__WORK TASK__. Give the data back exactly. Leave out any images.

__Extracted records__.
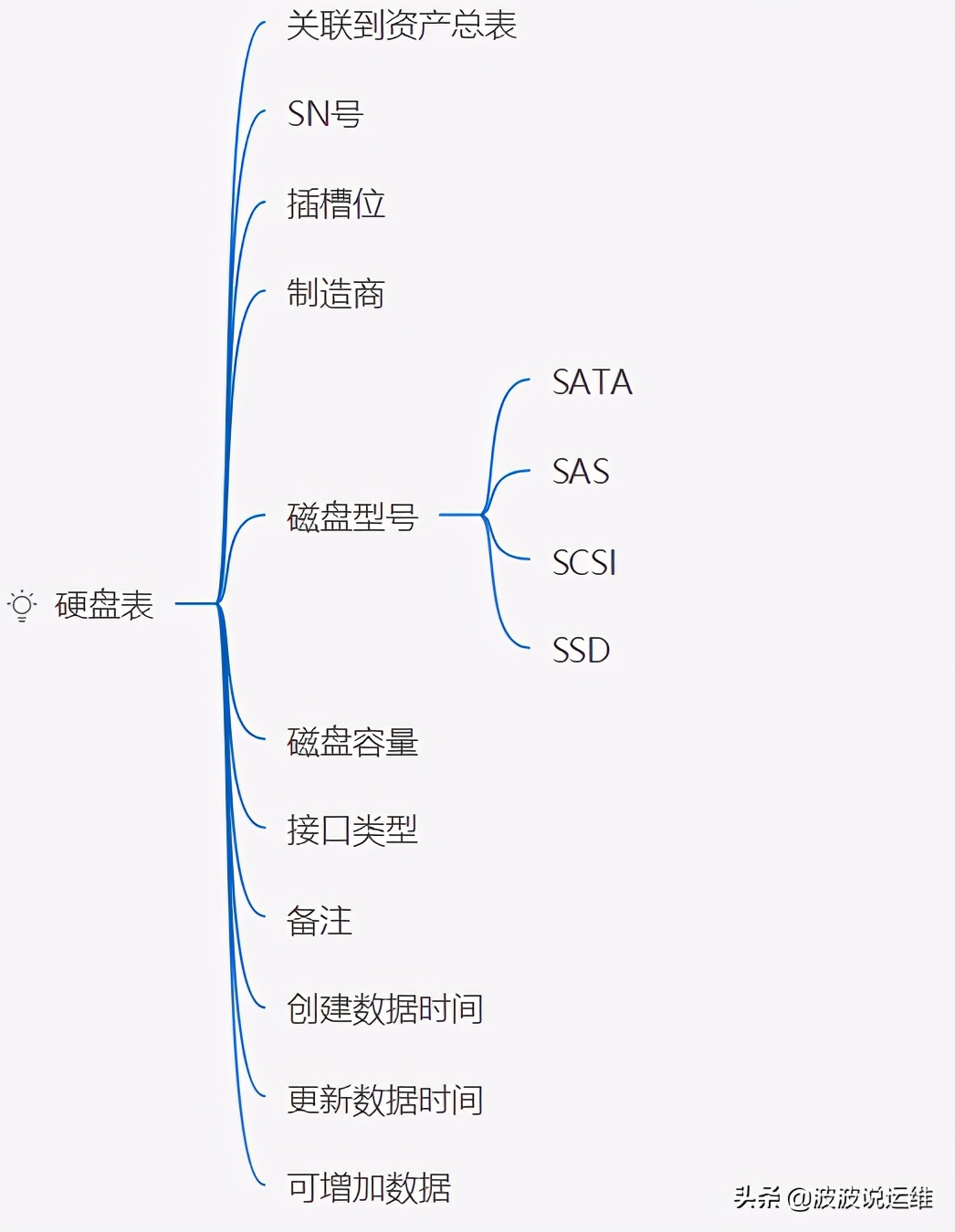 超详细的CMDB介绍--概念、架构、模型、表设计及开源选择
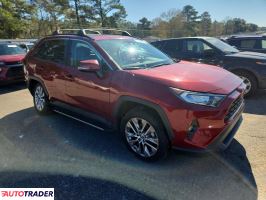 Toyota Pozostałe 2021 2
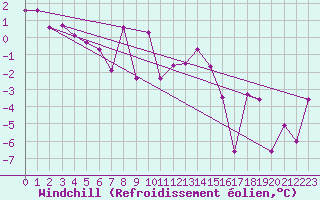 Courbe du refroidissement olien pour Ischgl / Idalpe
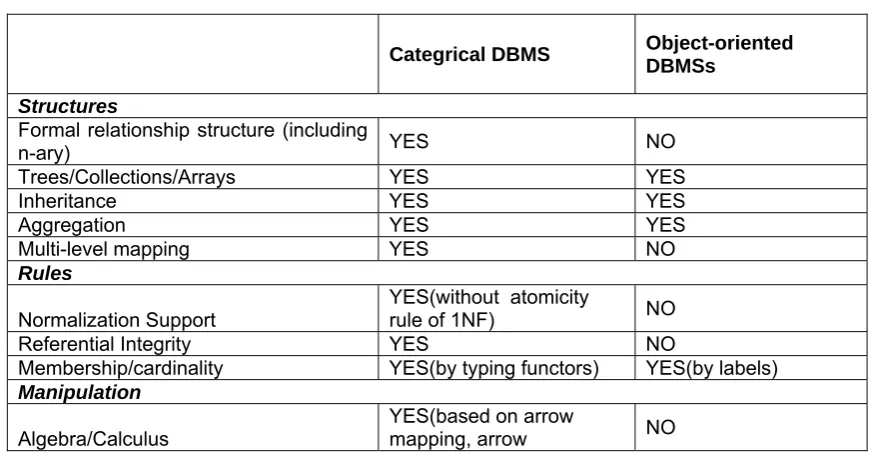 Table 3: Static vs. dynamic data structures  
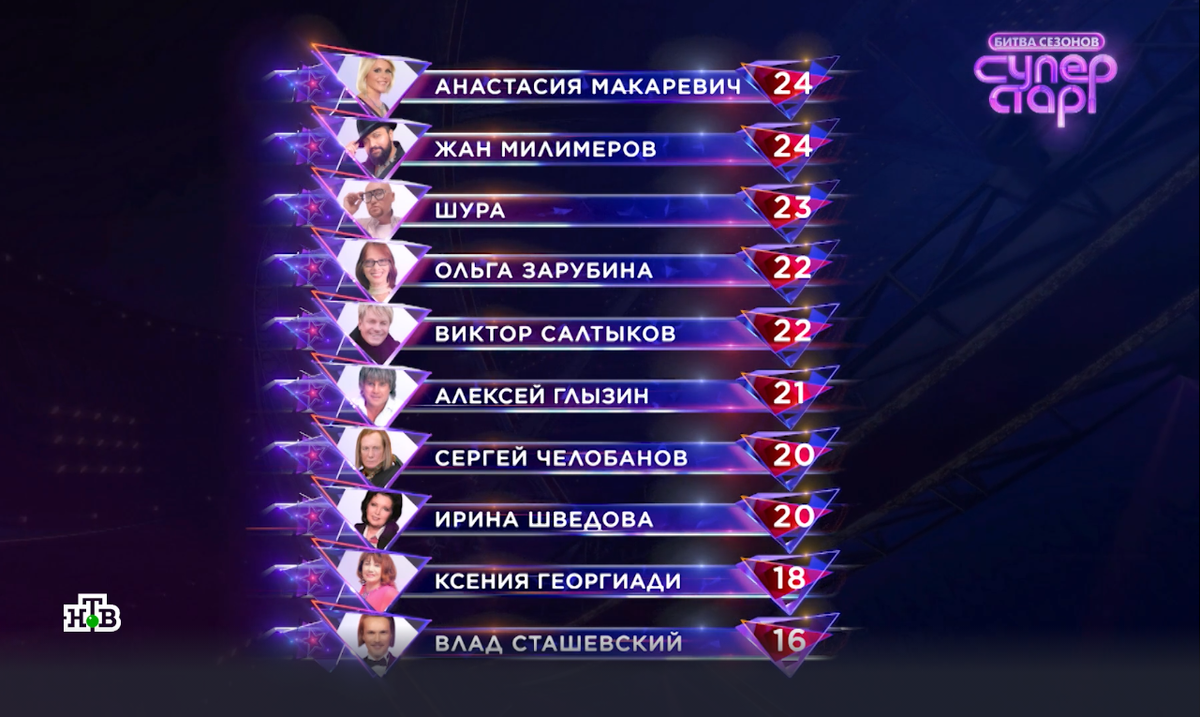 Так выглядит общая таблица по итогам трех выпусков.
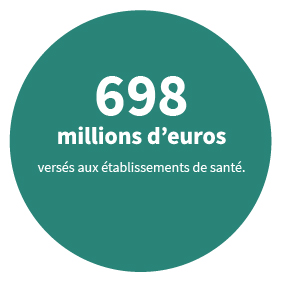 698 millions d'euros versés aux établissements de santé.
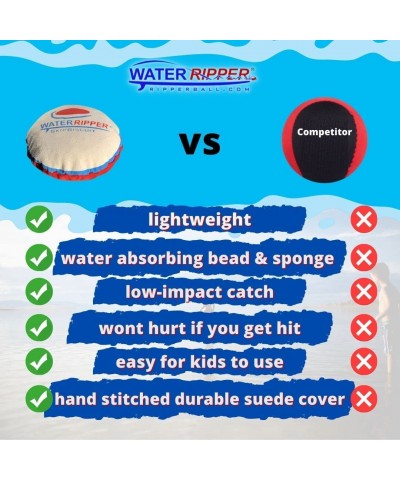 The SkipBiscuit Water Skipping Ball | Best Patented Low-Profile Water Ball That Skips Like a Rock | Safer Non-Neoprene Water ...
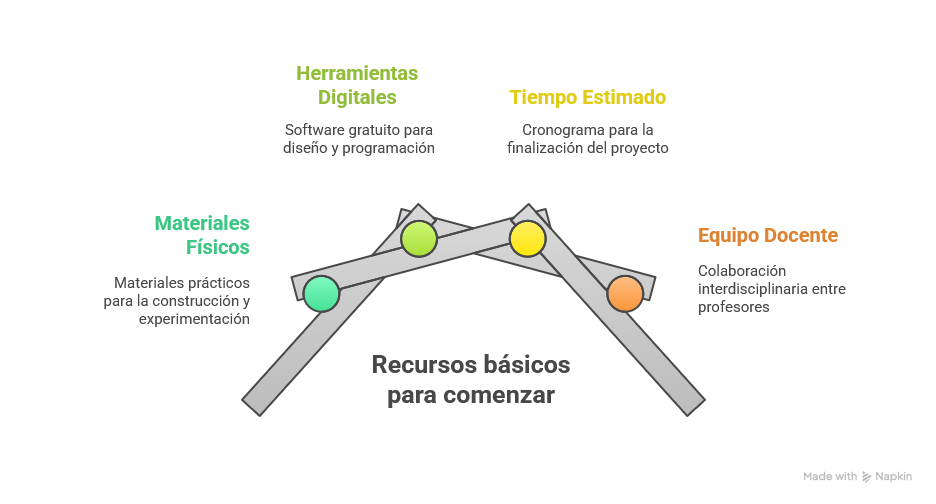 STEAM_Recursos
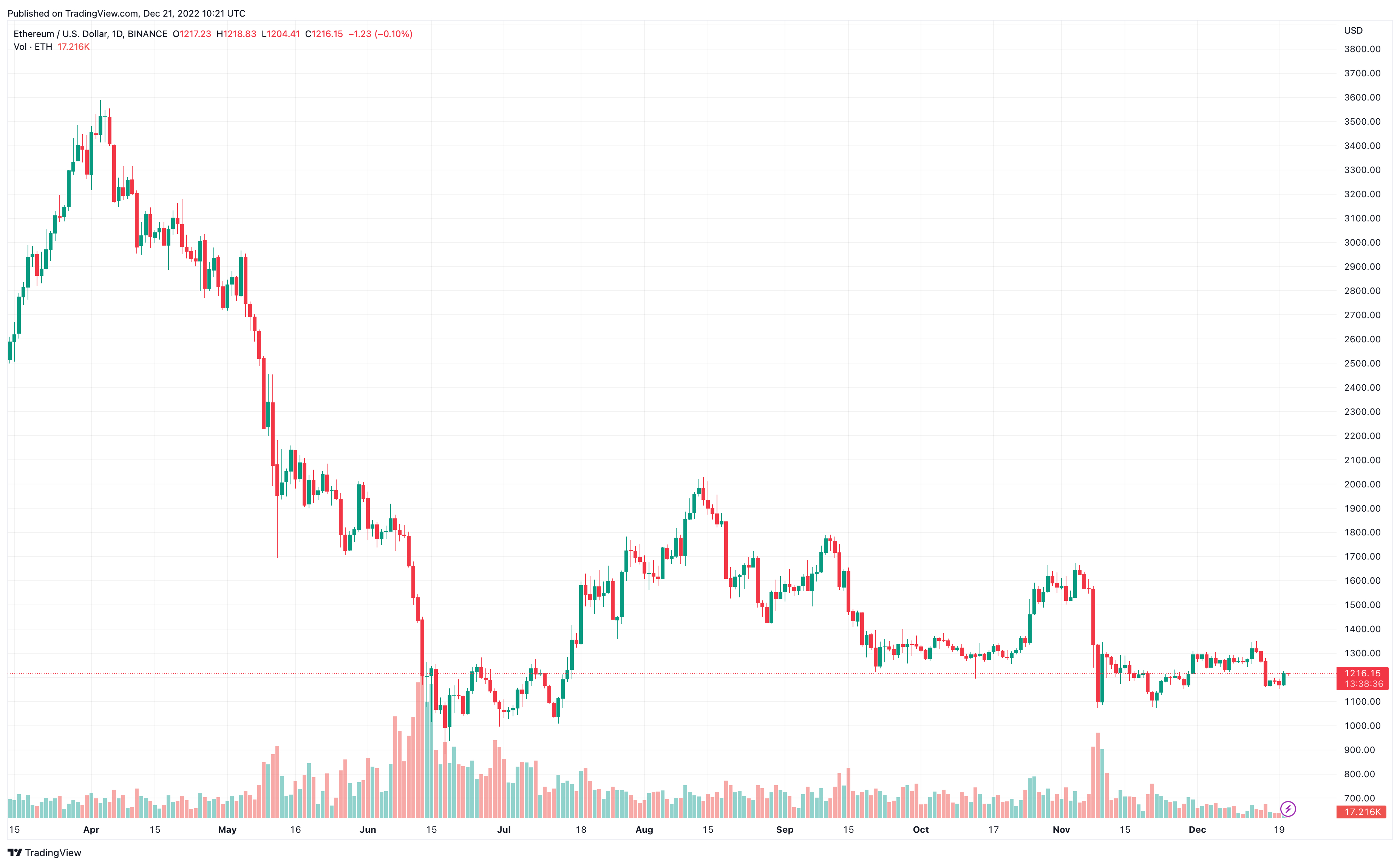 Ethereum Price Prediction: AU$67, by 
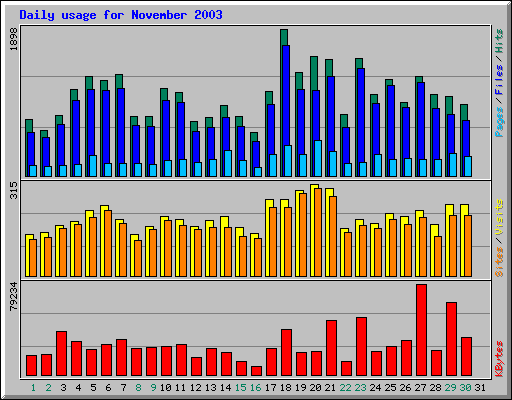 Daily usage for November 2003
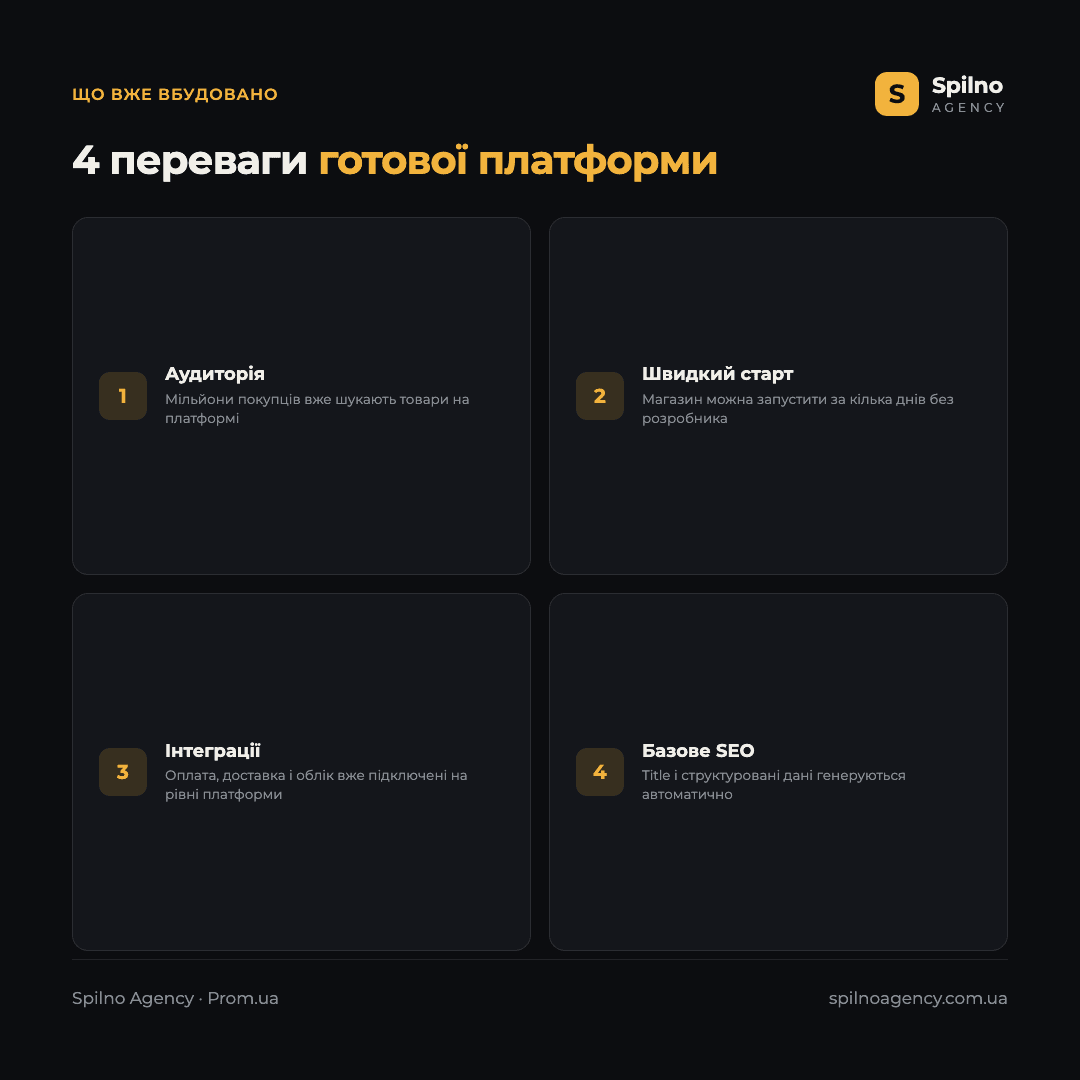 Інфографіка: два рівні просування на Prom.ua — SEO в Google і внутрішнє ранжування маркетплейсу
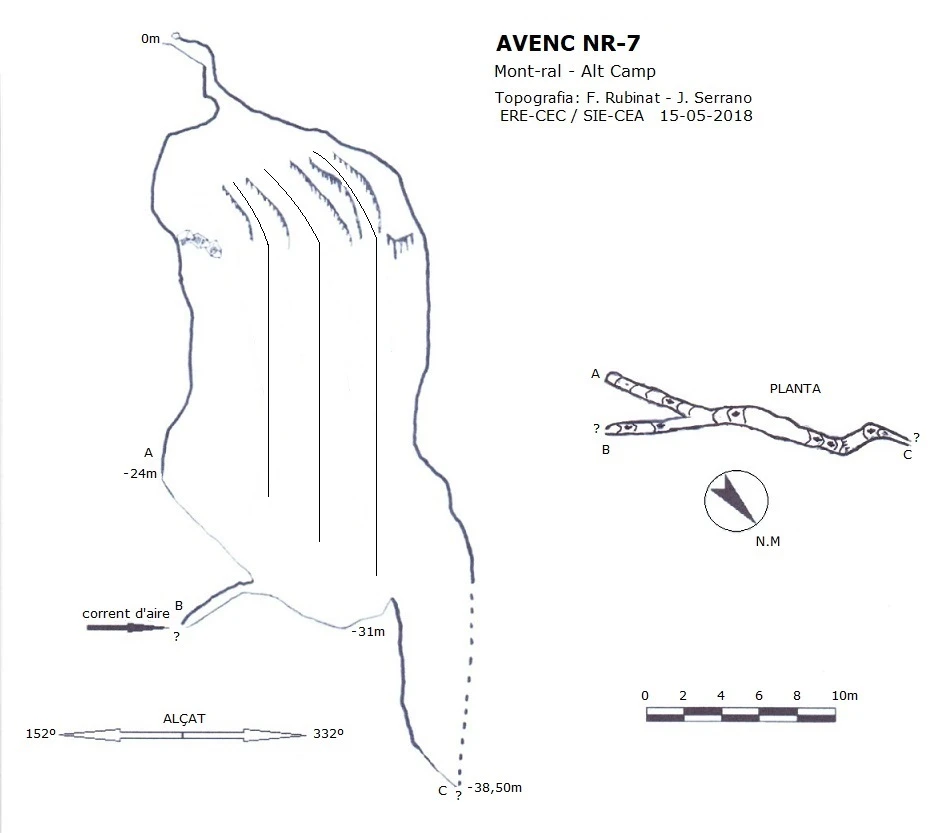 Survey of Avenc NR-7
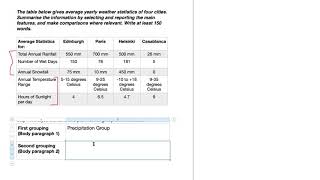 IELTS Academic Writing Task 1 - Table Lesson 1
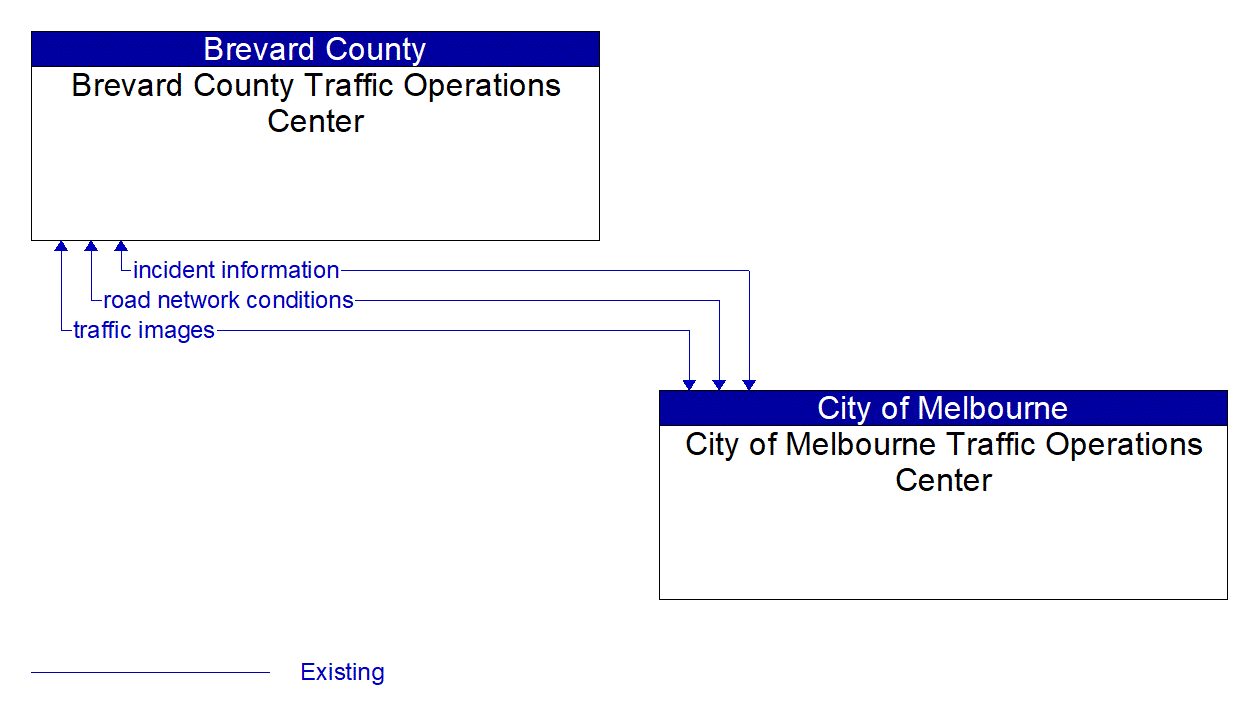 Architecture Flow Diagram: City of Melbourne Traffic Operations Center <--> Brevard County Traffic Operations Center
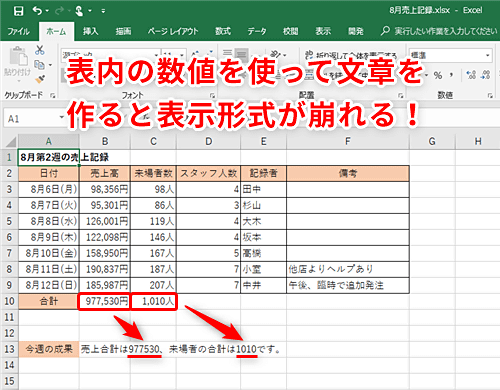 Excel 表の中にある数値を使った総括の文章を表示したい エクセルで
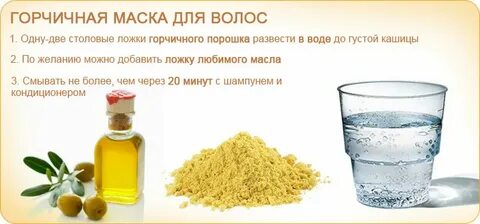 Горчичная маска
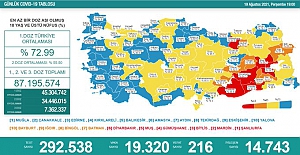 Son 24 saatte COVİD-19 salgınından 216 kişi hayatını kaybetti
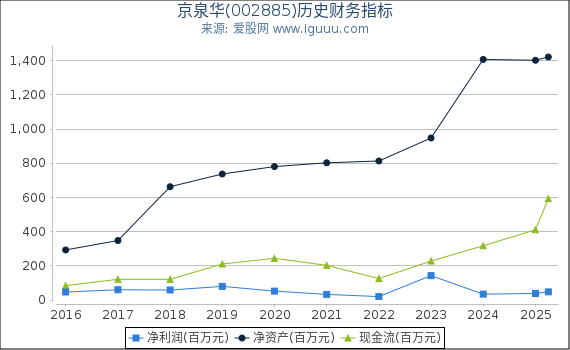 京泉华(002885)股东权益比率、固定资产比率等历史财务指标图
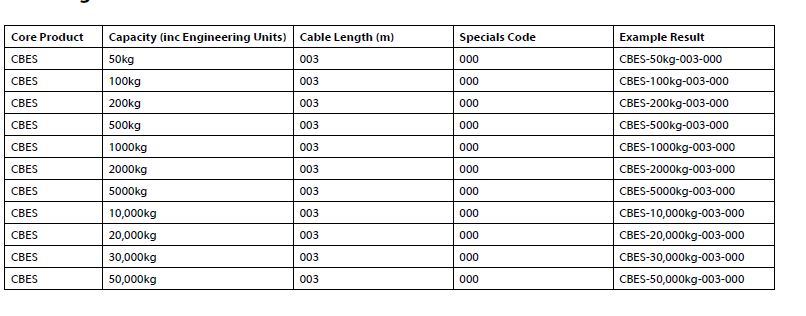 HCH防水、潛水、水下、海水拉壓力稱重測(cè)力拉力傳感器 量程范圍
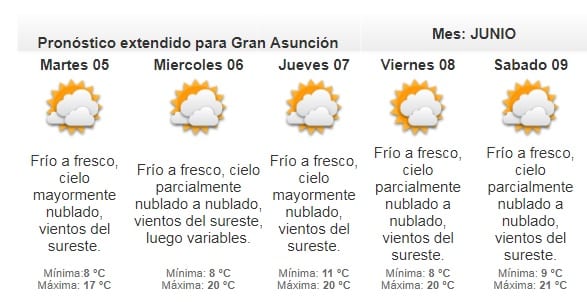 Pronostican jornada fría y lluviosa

__RESULT OF THIS TASK__.
 超详细的CMDB介绍--概念、架构、模型、表设计及开源选择
 Toyota Pozostałe 2021 2
 Courbe du refroidissement olien pour Ischgl / Idalpe
 Table 3: Static vs. dynamic data structures  
 Так выглядит общая таблица по итогам трех выпусков.
 698 millions d'euros versés aux établissements de santé.
 The SkipBiscuit Water Skipping Ball | Best Patented Low-Profile Water Ball That Skips Like a Rock | Safer Non-Neoprene Water ...
 STEAM_Recursos
 Ethereum Price Prediction: AU$67, by 
 Daily usage for November 2003
 Інфографіка: два рівні просування на Prom.ua — SEO в Google і внутрішнє ранжування маркетплейсу
 Survey of Avenc NR-7
 IELTS Academic Writing Task 1 - Table Lesson 1
 Architecture Flow Diagram: City of Melbourne Traffic Operations Center <--> Brevard County Traffic Operations Center
 Excel 表の中にある数値を使った総括の文章を表示したい エクセルで
 Горчичная маска
 Son 24 saatte COVİD-19 salgınından 216 kişi hayatını kaybetti
 京泉华(002885)股东权益比率、固定资产比率等历史财务指标图
 HCH防水、潛水、水下、海水拉壓力稱重測(cè)力拉力傳感器 量程范圍
 Pronostican jornada fría y lluviosa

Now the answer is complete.